Luckily, I've been in the DevOps game for a few years, and while I hadn't committed the Kubernetes configuration to git yet, I'd saved it all as I was working through the process. I responded on Slack that there had been a few issues, and it'll be an hour. I rolled up my sleeves and waited for the AKS Cluster to re-create. After twenty minutes, I was looking at a newly formed Kubernetes cluster, with the cluster prompting me to download the
kube-config file. I connected to the cluster and created the
nginx-ingress service and configured
cert-manager. The namespaces appeared and the pods seemed to be running, so far so good. I deployed the mock middlware server, and waited for the pods to deploy, the ingress rules to create, and the SSL certificate to be issued. After five minutes, I browsed to the address and it was working, SSL and all. Finally, I deployed the application and it just worked! I actually couldn't believe it, the last time I'd deleted something in production I spent two days rebuilding it (that was about six years ago, go easy on me).

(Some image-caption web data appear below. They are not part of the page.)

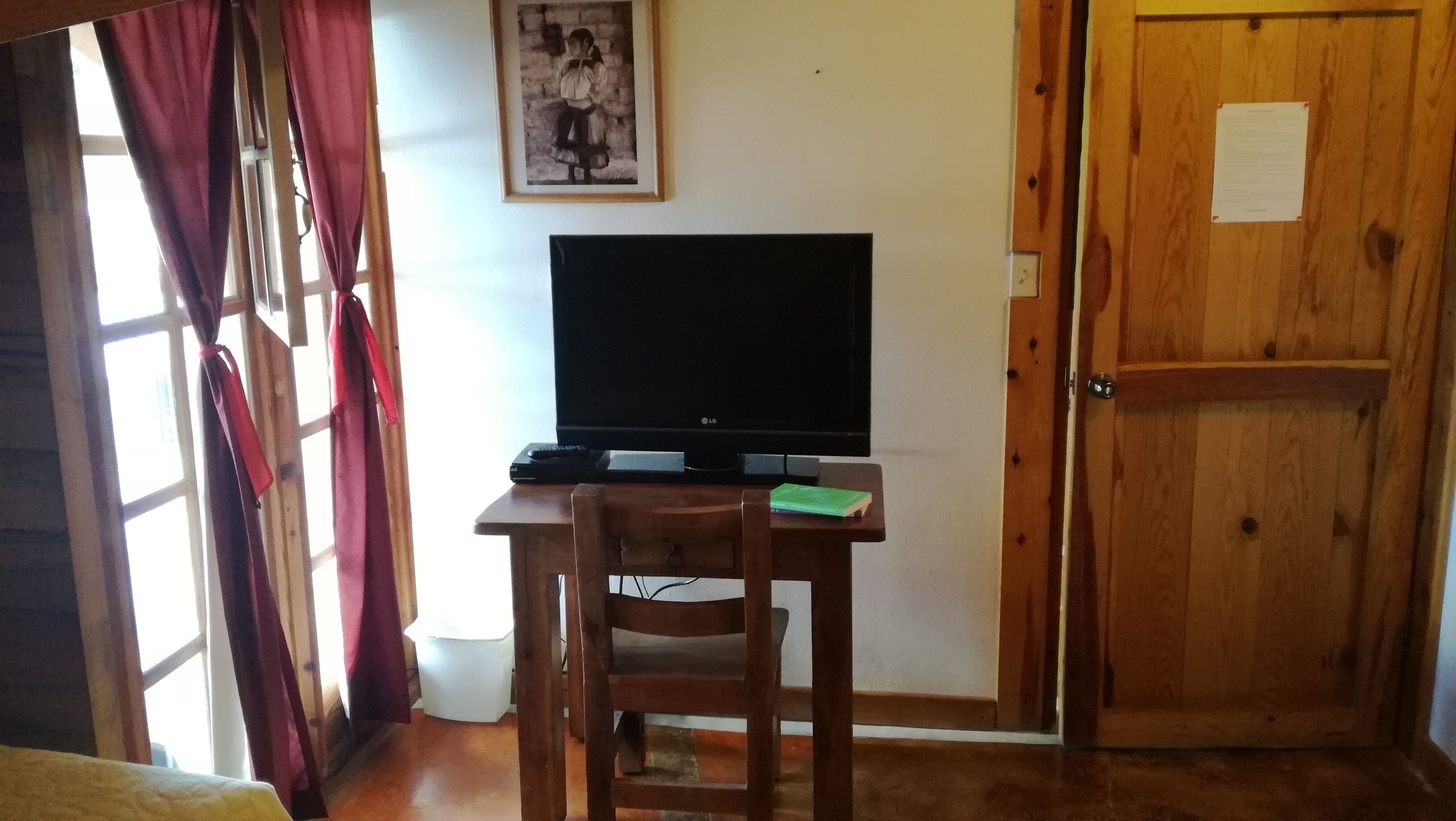 design double room | 1 bedroom, hypo-allergenic bedding, down duvets, desk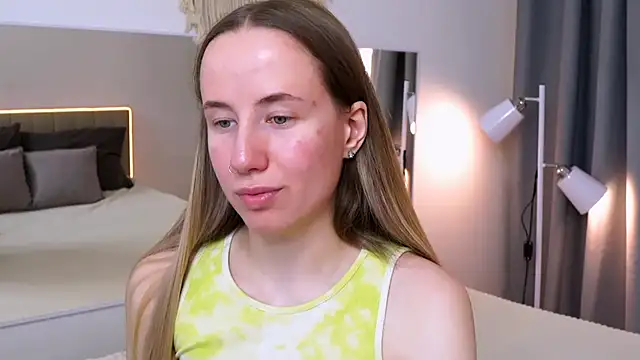 Snapshot of Cassie_Kelman chatting on 10/04/25, 09:02 Cassie Kelman online show from 10/04/25, 09:02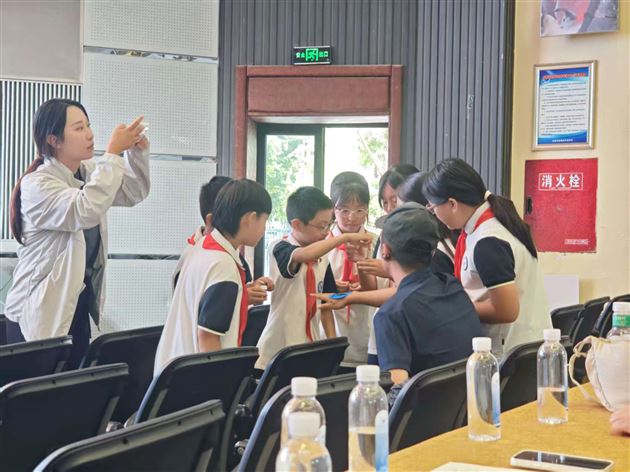 棠外附小在双流区首次室内体育教研活动中献课获好评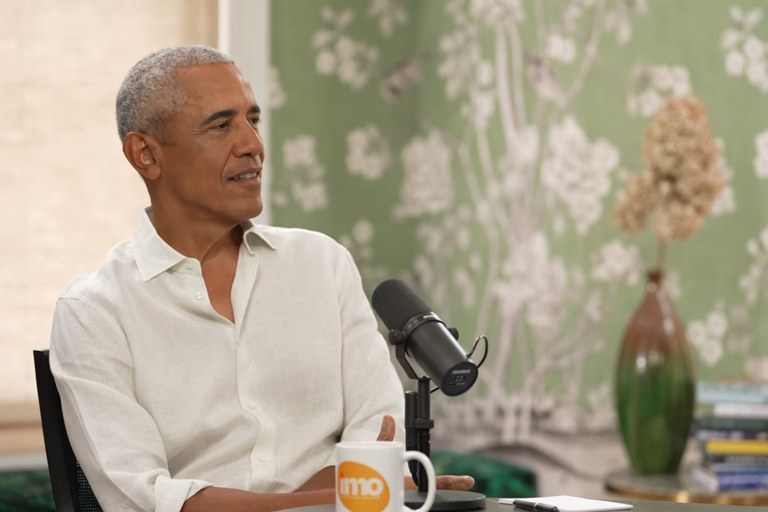 Watch: Barack Obama darüber, wie wichtig es für junge Männer ist, queere Freund:innen zu haben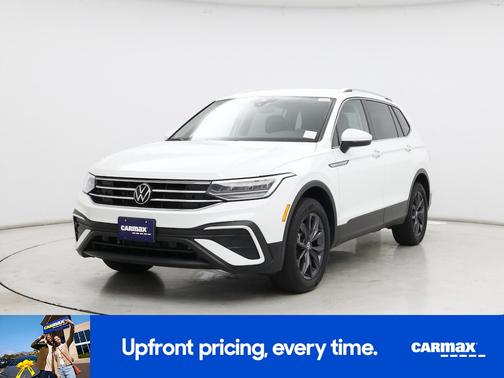 White 2024 Volkswagen Tiguan SE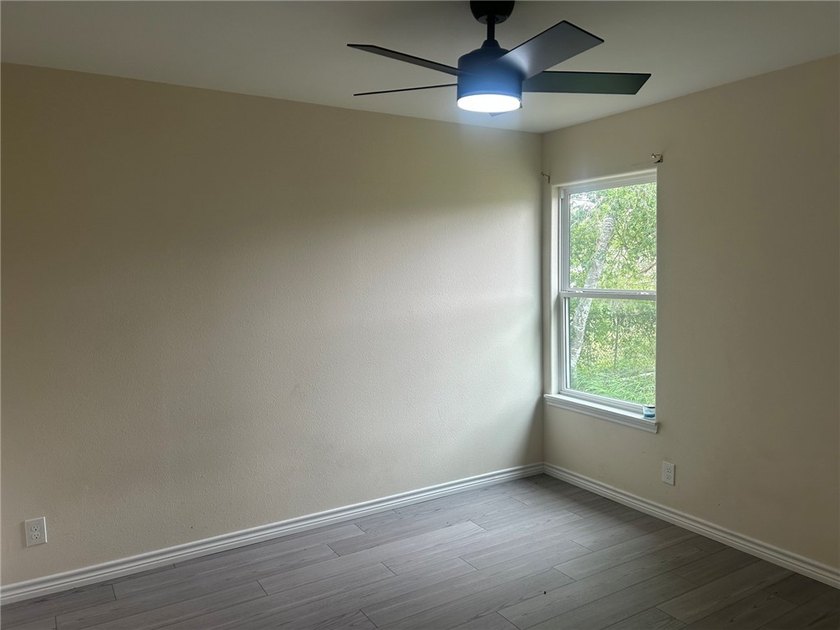 Beautiful home with a complete renovation. This home features a - photo 11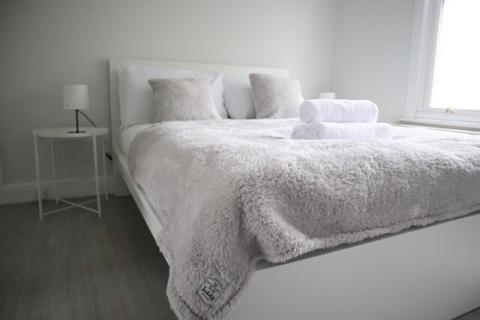 1 bedroom flat to rent, Nicholson Road, Addiscombe, CR0 6QT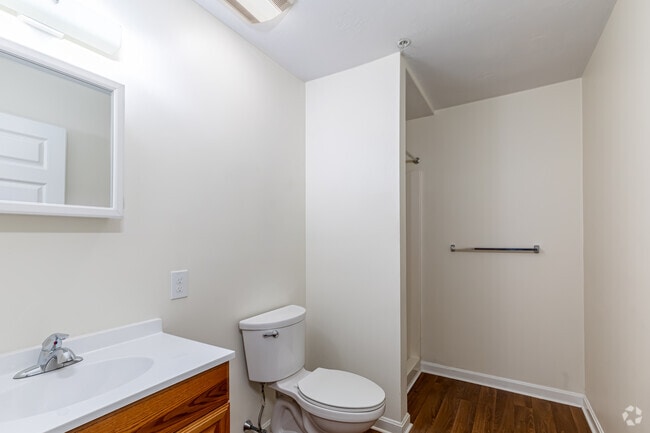 3BR, 2BA - Bathroom - University Crossing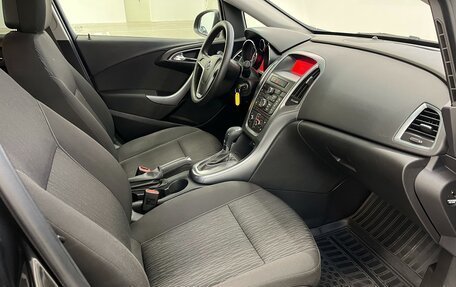 Opel Astra J, 2013 год, 1 345 000 рублей, 27 фотография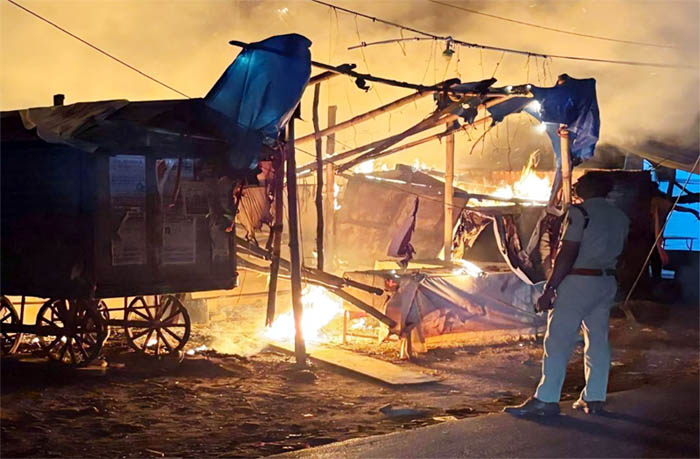 कोरबा बाजार में आग से जली दुकानें।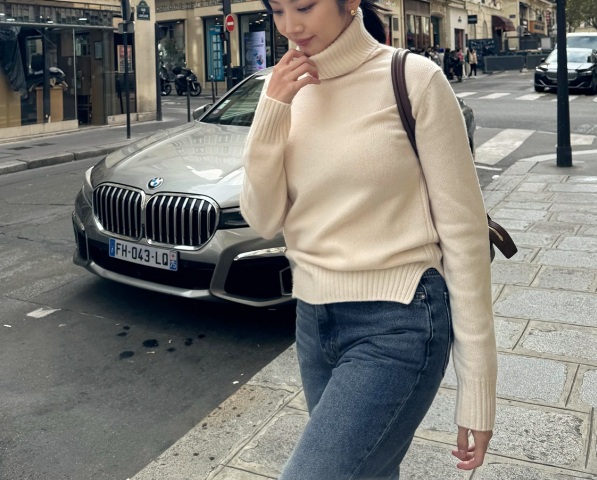 Kết hợp áo len trắng với quần jeans xanh, bạn sẽ có ngay một bộ Shbet999 com đăng nhập đơn giản nhưng không bao giờ lỗi mốt. 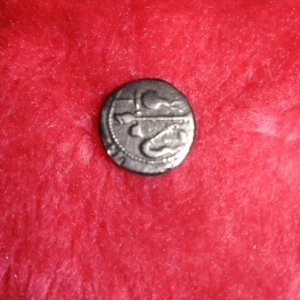 Can-Anyone-Tell-Me-If-These-Coins-Are-Worth-Anything-Now-With-Pics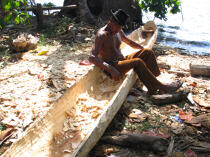 Fabrication of a canoe in the San Blas archipelago © Philip Plisson / Plisson La Trinité / AA07741 - Photo Galleries - Wood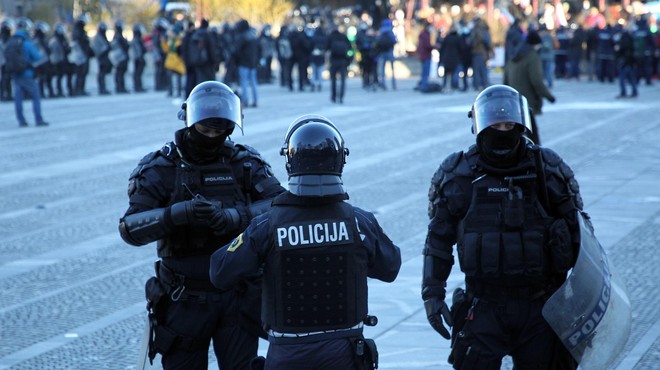 Na shodu v Ljubljani pretepli policista in poškodovali policijski vozili (foto: Bobo)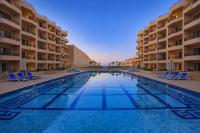 Selena Bay Luxury Sea View 1BR Apartment, Private Beach and Pool - Chambres d'hôtes Hurghada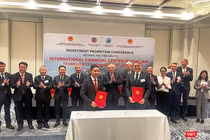 Chủ tịch UBND thành phố Đà Nẵng Phạm Đức Ấn và Frankfurt Main Finance (Đức) ký kết Bản ghi nhớ hợp tác về Trung tâm tài chính Đà Nẵng.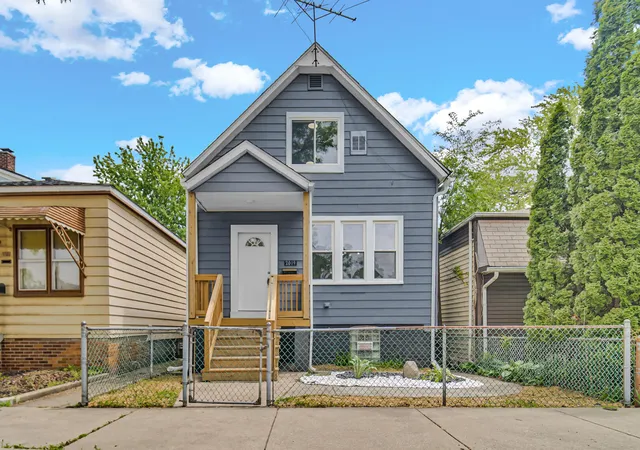 Photo 2 of Single family home for sale at 2019 Davidson Pl, Whiting, IN 46394 | MLS# 842454 | Listing updated on 2026-07-17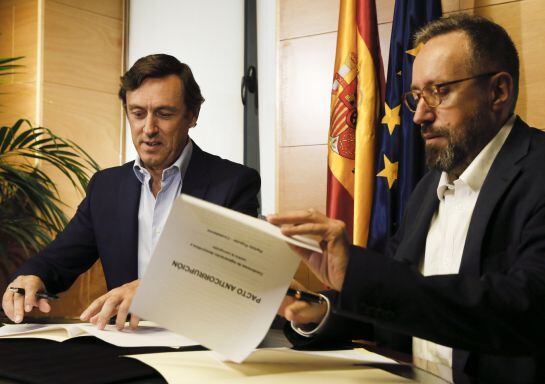 GRA057. MADRID, 19/08/2016.- Los portavoces parlamentarios del PP, Rafael Hernando (i), y de Ciudadanos, Juan Carlos Girauta (d), durante la firma, hoy en el Congreso, del pacto anticorrupción, por el que C&#039;s se compromete a votar a favor de la investidur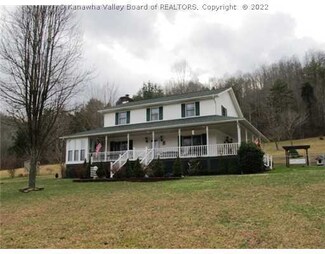 53 Batten Rd, Poca, WV 25159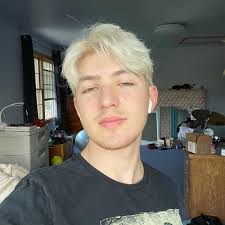 James Bee (@beeboyjames) • Instagram photos and videos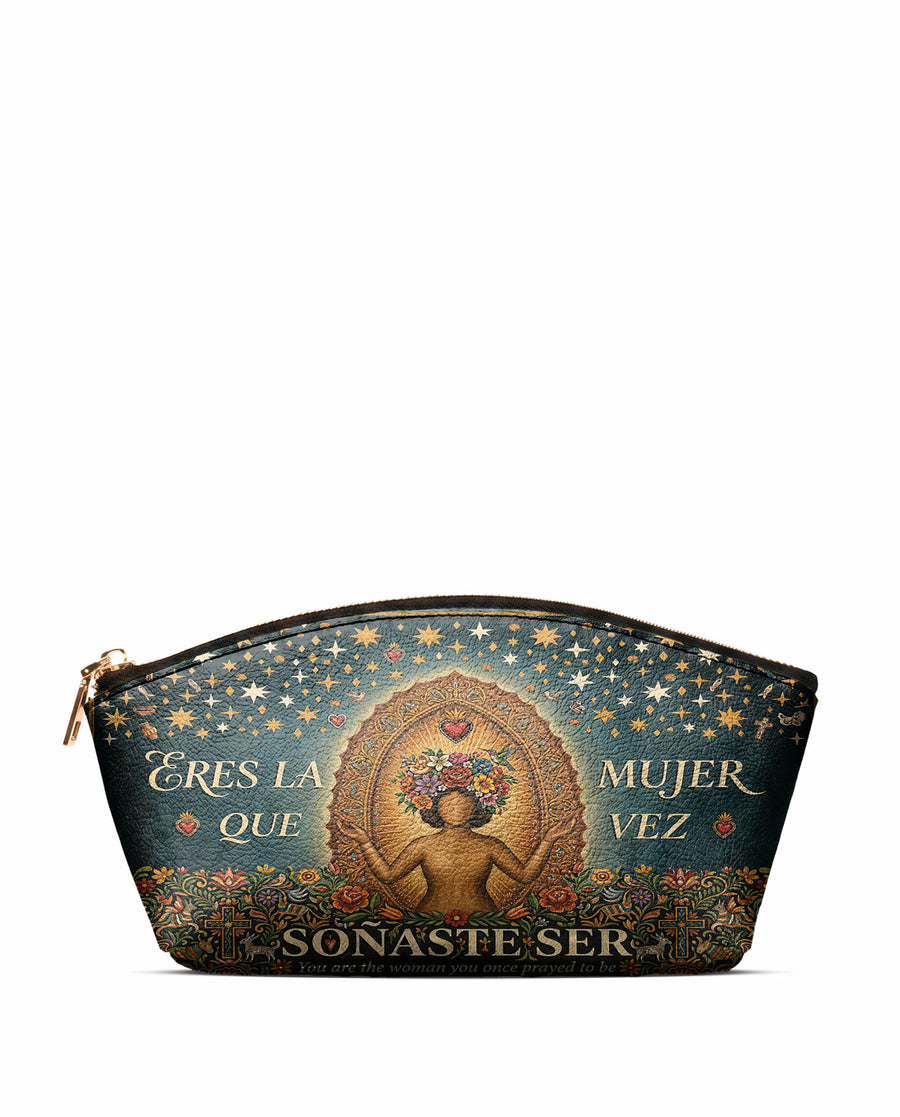"Eres la mujer que alguna vez soñaste ser" ver.4 Eclipse Makeup Bag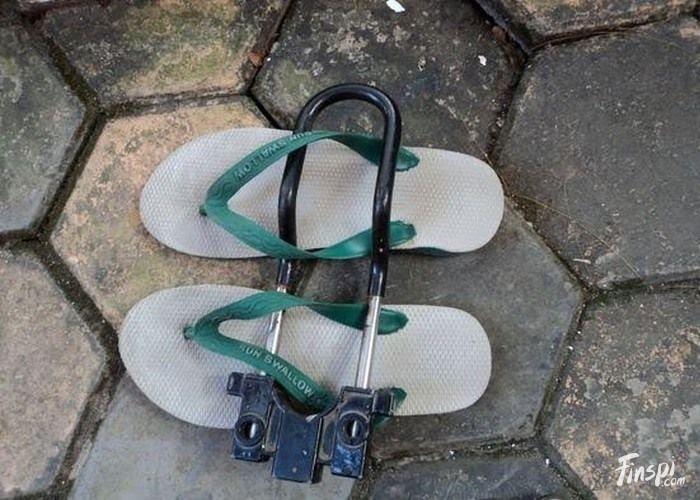 Paling Populer 13 Gambar  Sandal  Lucu  Gokil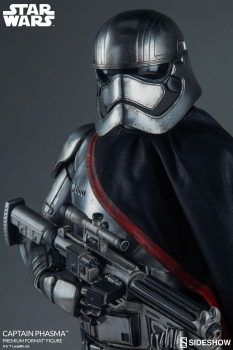 Captain Phasma Premium Format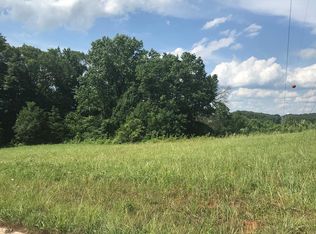 194 Waterstone Dr, Benton, TN 37307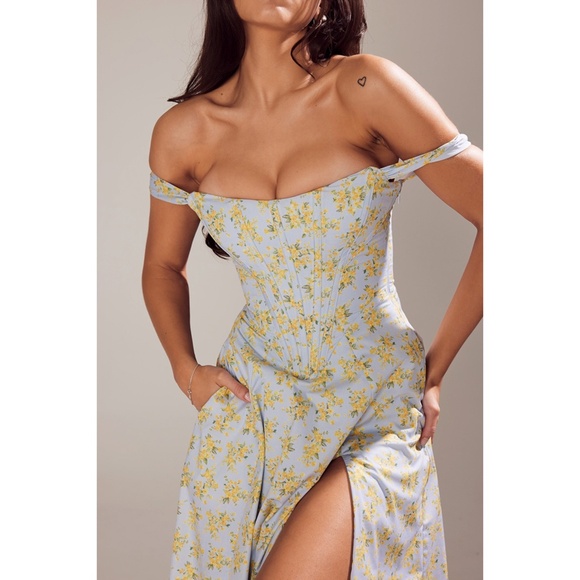 NEW House of CB Saira Soft Blue Vintage Floral Print Dress L+ (XL) - Picture 1 of 17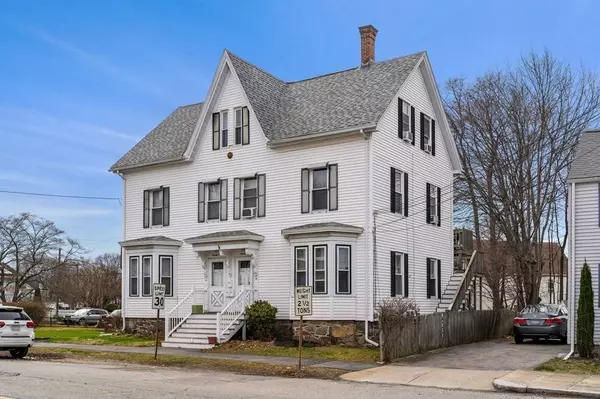 19-21 Waverley Rd, North Andover, MA 01845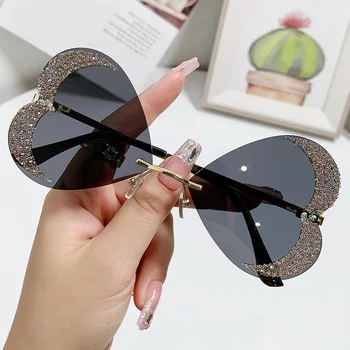 Новые женские Персонализированные солнцезащитные очки в форме сердца, Милые Сексуальные солнцезащитные очки в стиле ретро 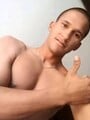FOTOS DE JOVEN DE 28 AÑOS DISPONIBLE PARA SALIR HACER COMPAÑÍA Y PASARLA RICO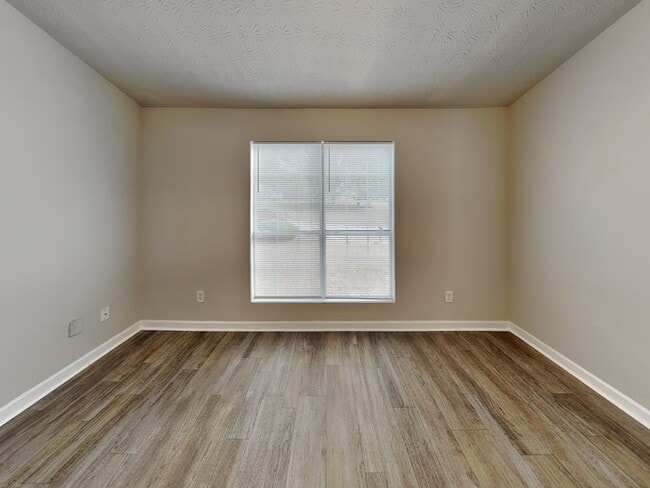 Building Photo - 4145 Riverbank Ct
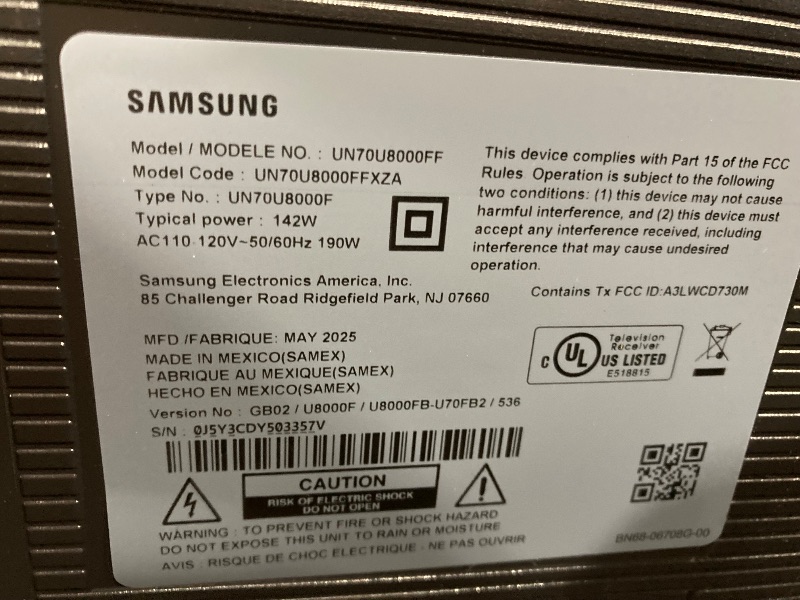 Photo 1 of **SMASHED SCVREEN FINAL SALE **Samsung 70-Inch Class Crystal UHD U8000F 4K Smart TV (2025 Model) Endless Free Content, Crystal Processor 4K, MetalStream Design, Knox Security, Alexa Built-in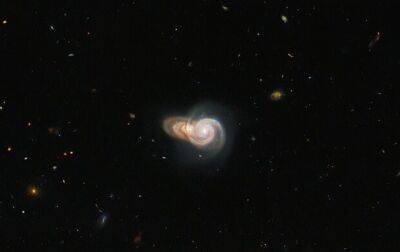 Hubble сделал фото двух необыкновенных галактик - korrespondent.net - Украина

This thankfully short - yet stressful - exercise had created a paradigm shift within me: before I deploy anything and hand it off, I need to delete it first. If I can't re-create it, then it isn't ready for use. It's that simple.
One of the biggest problems in the technology industry-at-large is the culture of mistaking "Proof of Concept" for "Minimum Viable Product". The key word here is viability; how can an application that can easily fail be considered viable? How can unrecoverable product-destroying actions be considered viable? The unvarnished truth is that they aren't viable, and it's only through sheer luck that many businesses make it through the initial shakey phase of initial deployments without going out of business. The problem of course is that these dodgy deployments become the standard, and then inevitably years on they're still as susceptible to critical failures as they were when the first "Hello, World!" was pushed to production.
One of the reasons we get into these situations where an environment may be unrecoverable is because it's so complex. Years of spaghetti deployments, modifying code on production servers, and critical incidents leave houses of cards that is ready to fall over at the smallest breeze. Where can you possibly begin? The answer: start small. The next time you deploy a new application make it as automated as possible. Delete and rebuild it before you hand it over to the customer. We don't all have the luxury of green field deployments, but the pace of IT means there is always at least something new. If you support a large application, just trying moving one of the services onto automated infrastucture. Just start, and piece-by-piece your stress will decrease and your environments will get easier to administer.